In this context, the word Write refers to the time that the CPU spent writing data to the hardware module. The word Accelerator (or Acc in the plot below) refers to the time the hardware module was active. And finally, the word Read refers to the time that the CPU spent reading data from the hardware module's on-chip buffers. The command shls soc_profiler_view will also open up a GUI that shows a plot of the runtime. The GUI has a way to zoom-in to specific region of the plot. Also, the mouse pointer can hover over specific bar on the plot and the corresponding annotated data will be displayed.

By default, the plot will display the timelines for all the hardware modules in the project by including all the *.prof files in the plot. However, a single timeline for a specific hardware module can be displayed using the SOC_PROFILER_FILENAME makefile variable and assign to it the specific .prof file to visualize. For example, to display only the time line for the hardware module hw_const_sum() you can type this:

shls soc_profiler_view  SOC_PROFILER_FILENAME=./hls_output/files/hls_hw_const_sum.prof

Note the hls_ prefix in the filename.
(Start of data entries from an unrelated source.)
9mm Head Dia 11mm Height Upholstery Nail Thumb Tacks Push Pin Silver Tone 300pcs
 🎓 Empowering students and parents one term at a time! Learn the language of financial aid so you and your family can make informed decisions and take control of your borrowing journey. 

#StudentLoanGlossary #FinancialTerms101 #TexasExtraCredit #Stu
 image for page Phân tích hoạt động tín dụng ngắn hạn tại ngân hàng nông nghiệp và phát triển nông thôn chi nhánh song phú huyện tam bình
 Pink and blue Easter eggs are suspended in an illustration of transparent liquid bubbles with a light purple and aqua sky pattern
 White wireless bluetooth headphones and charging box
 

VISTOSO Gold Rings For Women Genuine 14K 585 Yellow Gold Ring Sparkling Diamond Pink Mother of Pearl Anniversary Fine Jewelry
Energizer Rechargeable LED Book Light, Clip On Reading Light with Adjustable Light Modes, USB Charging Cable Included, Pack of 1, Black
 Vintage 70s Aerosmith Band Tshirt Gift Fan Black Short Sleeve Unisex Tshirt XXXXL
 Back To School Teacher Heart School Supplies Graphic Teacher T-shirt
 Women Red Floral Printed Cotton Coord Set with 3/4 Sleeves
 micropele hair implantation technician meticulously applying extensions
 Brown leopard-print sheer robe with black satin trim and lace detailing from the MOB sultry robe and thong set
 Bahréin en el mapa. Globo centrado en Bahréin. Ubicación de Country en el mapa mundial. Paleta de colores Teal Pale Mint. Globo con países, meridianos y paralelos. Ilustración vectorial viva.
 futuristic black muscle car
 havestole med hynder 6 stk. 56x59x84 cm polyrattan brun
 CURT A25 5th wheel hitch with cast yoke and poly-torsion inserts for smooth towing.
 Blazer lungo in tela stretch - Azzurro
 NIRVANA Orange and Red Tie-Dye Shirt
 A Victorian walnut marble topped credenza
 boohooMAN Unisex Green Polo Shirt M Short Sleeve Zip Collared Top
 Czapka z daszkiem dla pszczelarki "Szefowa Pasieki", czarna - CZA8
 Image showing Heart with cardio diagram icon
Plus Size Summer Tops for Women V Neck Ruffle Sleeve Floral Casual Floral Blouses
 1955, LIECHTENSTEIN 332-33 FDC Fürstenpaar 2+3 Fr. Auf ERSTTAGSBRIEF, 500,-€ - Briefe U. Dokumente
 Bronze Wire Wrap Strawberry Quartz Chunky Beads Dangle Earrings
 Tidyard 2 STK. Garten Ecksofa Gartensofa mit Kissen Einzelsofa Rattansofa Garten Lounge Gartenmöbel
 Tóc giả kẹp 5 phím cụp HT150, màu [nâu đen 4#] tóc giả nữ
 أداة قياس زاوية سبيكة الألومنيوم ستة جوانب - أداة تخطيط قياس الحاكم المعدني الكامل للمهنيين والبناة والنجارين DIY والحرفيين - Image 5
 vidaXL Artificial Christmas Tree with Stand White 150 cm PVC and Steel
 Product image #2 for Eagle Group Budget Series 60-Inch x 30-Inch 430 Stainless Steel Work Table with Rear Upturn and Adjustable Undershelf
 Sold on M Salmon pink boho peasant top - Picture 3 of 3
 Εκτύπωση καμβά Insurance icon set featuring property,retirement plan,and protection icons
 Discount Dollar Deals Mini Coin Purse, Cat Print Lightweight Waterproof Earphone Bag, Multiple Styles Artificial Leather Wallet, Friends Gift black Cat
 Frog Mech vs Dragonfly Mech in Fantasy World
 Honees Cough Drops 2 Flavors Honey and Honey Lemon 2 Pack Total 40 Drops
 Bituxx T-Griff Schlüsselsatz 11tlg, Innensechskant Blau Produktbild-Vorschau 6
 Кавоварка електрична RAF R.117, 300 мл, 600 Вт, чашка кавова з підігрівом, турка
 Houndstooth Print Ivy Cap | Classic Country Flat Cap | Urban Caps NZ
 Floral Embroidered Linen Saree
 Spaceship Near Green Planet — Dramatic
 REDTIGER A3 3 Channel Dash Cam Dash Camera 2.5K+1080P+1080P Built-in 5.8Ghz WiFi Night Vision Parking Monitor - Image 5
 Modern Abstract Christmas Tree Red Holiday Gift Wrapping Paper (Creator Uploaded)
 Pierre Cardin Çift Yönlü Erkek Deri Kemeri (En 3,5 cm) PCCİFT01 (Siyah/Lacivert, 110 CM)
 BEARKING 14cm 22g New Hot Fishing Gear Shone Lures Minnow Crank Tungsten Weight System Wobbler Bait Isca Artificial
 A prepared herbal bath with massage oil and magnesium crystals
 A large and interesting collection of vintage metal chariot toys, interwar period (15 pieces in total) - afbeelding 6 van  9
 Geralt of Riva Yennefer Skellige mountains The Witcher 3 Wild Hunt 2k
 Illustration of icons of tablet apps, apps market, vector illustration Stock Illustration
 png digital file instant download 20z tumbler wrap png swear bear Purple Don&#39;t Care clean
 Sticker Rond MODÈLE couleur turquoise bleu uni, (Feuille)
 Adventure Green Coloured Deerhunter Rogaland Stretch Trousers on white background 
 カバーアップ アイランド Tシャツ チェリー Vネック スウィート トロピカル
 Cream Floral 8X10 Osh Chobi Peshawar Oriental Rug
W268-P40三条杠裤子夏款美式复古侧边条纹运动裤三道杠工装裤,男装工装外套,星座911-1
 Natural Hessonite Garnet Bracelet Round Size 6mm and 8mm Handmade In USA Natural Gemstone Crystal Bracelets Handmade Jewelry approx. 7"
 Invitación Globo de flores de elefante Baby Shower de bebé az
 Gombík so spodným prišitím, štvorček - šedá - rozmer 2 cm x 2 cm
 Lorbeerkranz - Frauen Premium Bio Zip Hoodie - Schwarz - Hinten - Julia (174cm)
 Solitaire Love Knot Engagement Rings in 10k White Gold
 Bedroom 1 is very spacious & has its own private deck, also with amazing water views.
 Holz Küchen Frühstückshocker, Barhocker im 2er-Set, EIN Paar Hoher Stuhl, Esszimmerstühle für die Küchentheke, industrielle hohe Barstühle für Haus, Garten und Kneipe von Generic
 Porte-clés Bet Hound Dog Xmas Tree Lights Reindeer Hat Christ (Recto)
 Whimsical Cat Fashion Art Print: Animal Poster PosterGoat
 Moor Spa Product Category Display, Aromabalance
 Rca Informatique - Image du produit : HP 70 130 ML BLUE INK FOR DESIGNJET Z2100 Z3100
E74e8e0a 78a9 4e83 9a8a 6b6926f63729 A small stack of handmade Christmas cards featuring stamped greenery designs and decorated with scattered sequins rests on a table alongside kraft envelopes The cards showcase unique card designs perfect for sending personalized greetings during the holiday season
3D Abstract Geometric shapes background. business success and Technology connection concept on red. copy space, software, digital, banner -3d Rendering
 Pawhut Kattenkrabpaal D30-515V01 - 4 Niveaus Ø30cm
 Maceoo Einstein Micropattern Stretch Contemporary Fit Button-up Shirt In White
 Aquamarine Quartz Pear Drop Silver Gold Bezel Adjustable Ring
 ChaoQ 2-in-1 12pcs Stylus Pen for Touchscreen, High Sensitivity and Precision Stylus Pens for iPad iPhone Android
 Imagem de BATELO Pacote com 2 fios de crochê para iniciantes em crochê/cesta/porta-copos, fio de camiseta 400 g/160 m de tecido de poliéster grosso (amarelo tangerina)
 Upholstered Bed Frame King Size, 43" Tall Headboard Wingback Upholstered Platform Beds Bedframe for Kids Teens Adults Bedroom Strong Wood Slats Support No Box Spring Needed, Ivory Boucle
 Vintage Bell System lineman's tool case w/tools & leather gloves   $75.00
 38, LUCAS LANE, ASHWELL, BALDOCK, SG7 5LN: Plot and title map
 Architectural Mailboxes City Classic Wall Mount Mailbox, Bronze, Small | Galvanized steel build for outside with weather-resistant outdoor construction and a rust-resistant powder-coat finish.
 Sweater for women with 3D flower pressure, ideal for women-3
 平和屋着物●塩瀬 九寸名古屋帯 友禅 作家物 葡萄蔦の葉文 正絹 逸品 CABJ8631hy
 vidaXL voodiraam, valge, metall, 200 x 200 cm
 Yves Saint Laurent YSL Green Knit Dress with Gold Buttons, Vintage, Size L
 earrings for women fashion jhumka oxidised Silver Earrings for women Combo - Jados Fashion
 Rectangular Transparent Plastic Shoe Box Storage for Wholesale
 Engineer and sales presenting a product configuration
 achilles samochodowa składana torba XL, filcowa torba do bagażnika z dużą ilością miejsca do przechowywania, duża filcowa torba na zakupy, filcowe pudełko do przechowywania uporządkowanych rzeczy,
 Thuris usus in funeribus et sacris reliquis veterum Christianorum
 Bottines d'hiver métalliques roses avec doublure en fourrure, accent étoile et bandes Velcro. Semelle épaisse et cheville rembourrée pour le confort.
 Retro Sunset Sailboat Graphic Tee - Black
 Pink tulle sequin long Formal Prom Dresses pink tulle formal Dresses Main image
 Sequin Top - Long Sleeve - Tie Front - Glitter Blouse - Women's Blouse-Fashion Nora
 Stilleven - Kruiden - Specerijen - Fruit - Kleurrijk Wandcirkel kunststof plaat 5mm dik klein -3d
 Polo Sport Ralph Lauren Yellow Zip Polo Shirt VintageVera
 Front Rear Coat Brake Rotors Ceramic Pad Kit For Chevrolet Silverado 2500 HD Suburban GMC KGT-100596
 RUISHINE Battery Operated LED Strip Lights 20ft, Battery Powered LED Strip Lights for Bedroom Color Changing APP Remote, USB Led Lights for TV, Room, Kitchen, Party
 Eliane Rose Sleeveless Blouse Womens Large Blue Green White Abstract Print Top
The plot will look like this:

Important: Currently this feature to selectively show a single timeline is only available via the command-line.

In some cases, such as in automated regression tests, an interactive GUI is not required or not even desired. The profiler can be run in non-interactive mode like this:

shls soc_profiler_view SOC_PROFILER_INTERACTIVE=0

In this case the summary file is still generated and printed to the terminal but the GUI plot will not be displayed. Instead an image file with .png format will be generated under hls_output/reports/hls_soc_profiler.png. Note that this non-interactive option is only available from the command-line.

Important:

At the moment, the SoC Profiler only measures the time for arguments declared as AXI Target, with or without DMA. Arguments defined as AXI Initiator will only show a small bar in the write timeline representing the CPU passing the pointer address from which the hardware module will initiate read or write requests. The AXI Initiator transfer time is implicitly considered as part of the hardware module runtime (i.e. Acc timeline). In the example above, the hw_const_add() module has no read time. That is because the CPU is not reading the on-chip buffer, the hardware module itself is transferring the data back to the CPU memory directly and therefore the time consumed is considered as part of the module execution runtime.